Professor do Programa de Pos-Graduação em Filosofia da PUCPR

24/11/2016 • Coluna ANPOF

As maravilhas naturais de fauna e flora do Brasil são cantadas em verso e prosa ao redor do mundo e vêm despertando interesses de todo tipo ao longo da história. A grande e variada extensão de nossas terras inclui seis biomas terrestres e um marítimo, diversos climas, um imenso potencial hídrico, uma riqueza mineral inigualável, a maior parte da maior floresta tropical do mundo, o maior rio do mundo, a maior área alagada contínua, parte do maior reservatório de água subterrânea, a maior rede de espécies de mamíferos, peixes e anfíbios do planeta, o segundo maior número de aves catalogadas e o terceiro de répteis, etc. etc. Tanta riqueza, obviamente, vem despertando, ao longo da nossa história, inúmeros conflitos de interesses, principalmente quando se trata da expansão dos sistemas econômicos.

Desse modo, poucos países do mundo vivem de forma tão profunda a contradição natureza e sociedade como o Brasil. A herança colonial, marcada pela extração da matéria prima e pela escravidão, persiste como modus operandi da forma como o Brasil pensa a si mesmo e se atualiza na presente tensão entre preservação ambiental e desenvolvimento econômico, este último sempre de novo baseado na exploração irresponsável dos recursos naturais. É bem verdade que os discursos “verdes” cresceram nos últimos anos, mas não foram suficientes para evitar que a sustentabilidade fosse apenas um conceito vazio, sequestrado pelas propagandas de sabonete e usufruído como verniz de marketing.

 

Se a política dos governos populares dos últimos treze anos não alterou significativamente esse cenário, dando preferência à “aceleração do crescimento” e aos grandes projetos, a postura do atual governo, empossado ilegitimamente em 2016, agravou em muito a situação. São exemplo desse agravamento as falas recentes do ministro Blairo Maggi, considerado o maior produtor individual de soja do mundo em terras da chamada Amazônia Legal e atual Ministro da Agricultura, Pecuária e Abastecimento do Brasil. Durante a Conferência Mundial do Clima (COP 22), realizada em Marrakesh, no Marrocos, entre os dias 15 a 18 de novembro, o ministro comparou, em péssimo português, a reserva legal de 80% da Amazônia a “um hotel de 100 quartos que só se pode ocupar 20”, acrescentando que as metas assumidas pelo Brasil em relação às emissões dos gases de efeito estufa não passariam de mera “intenção”. Além disso, como representante do agronegócio, amplamente responsável pela violência contra os povos indígenas e demais populações tradicionais, pelo trabalho escravo, pelo aumento do desmatamento e pelo uso indiscriminado de agrotóxicos, o ministro declarou ironicamente que “a agricultura brasileira é a mais sustentável do mundo”, sugerindo que a legislação atual de preservação de rios e nascentes precisa ser revista em benefício dos atuais produtores. Como se não bastasse, ele ironizou os dados da Global Witness, com sede em Londres e Washington, que mostram que um terço das 150 lideranças ambientalistas assassinadas em 2015 no mundo é formado por brasileiros: “Fico feliz em saber que de ontem para hoje morreram menos 150 ambientalistas, porque ontem ouvi que eram 200 por ano e agora diz aqui que foram 50”2, afirmou o Ministro de Temer.

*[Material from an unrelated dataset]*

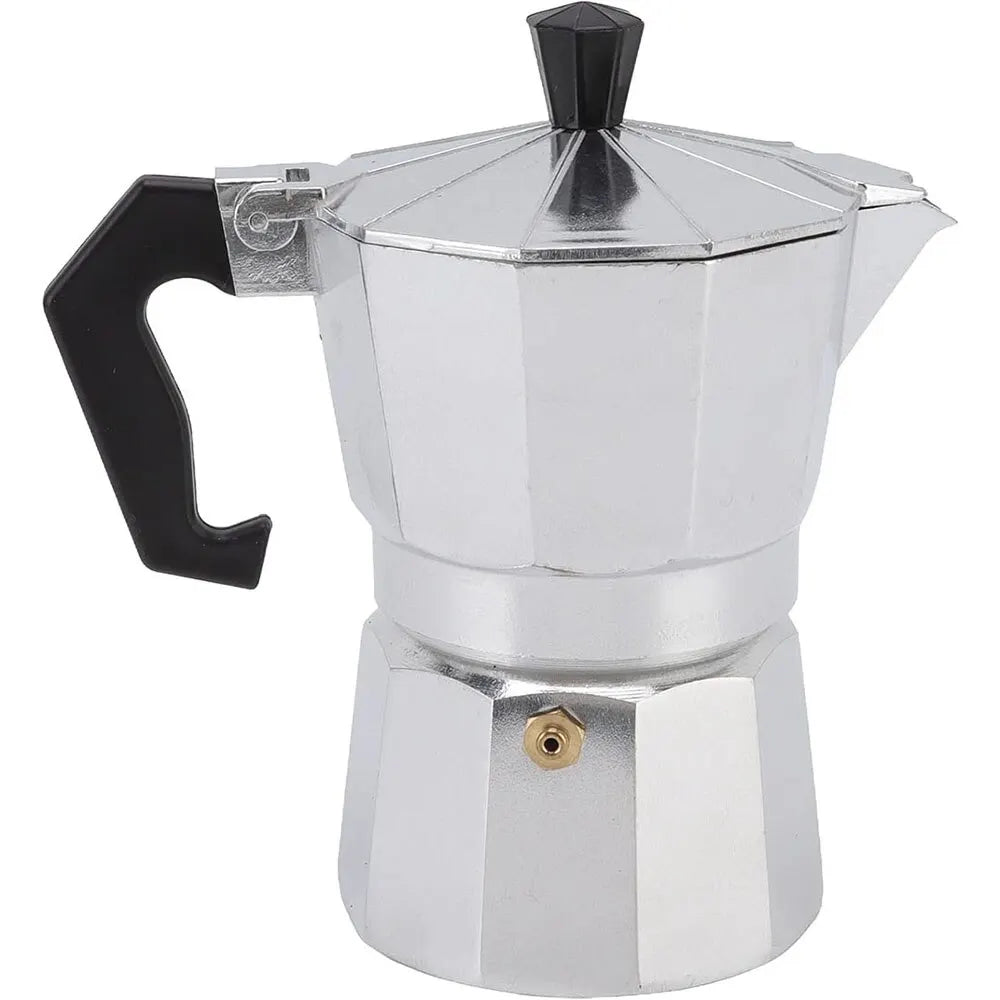 Aluminium Koffiekan Italiaans Moka Pot 0.6L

O Brasil vive, assim, no campo ambiental, a depender do governo atual, o risco do eminente de desmantelamento da legislação ambiental, de aumento da violência no campo e de aceleração da degradação do meio-ambiente. Dados de satélites coletados e publicados pelo IMAZON (Instituto do homem e do meio ambiente da Amazônia), dão conta que 972 quilômetros quadrados da floresta amazônica foram desmatados até junho de 2016, um aumento de 97% em relação ao mesmo período de 20153. Além disso, dados da Comissão Pastoral da Terra, mostram que só na Amazônia ocorreram 39 assassinatos até outubro de 2016, com número crescente de tentativas de assassinato (142% a mais em relação ao mesmo período de 2015), ameaças de morte e prisões (aumento de 61% e 85%, respectivamente)4. A impunidade que persiste no caso do crime da Vale/Samarco em Mariana, o projeto de Lei 654 que elimina a obrigatoriedade de audiências públicas com impactados por grandes empreendimentos e impõe prazos inexequíveis aos órgãos de licenciamento, são exemplos notórios de que a ironia do Ministro não é só brincadeira de mau gosto.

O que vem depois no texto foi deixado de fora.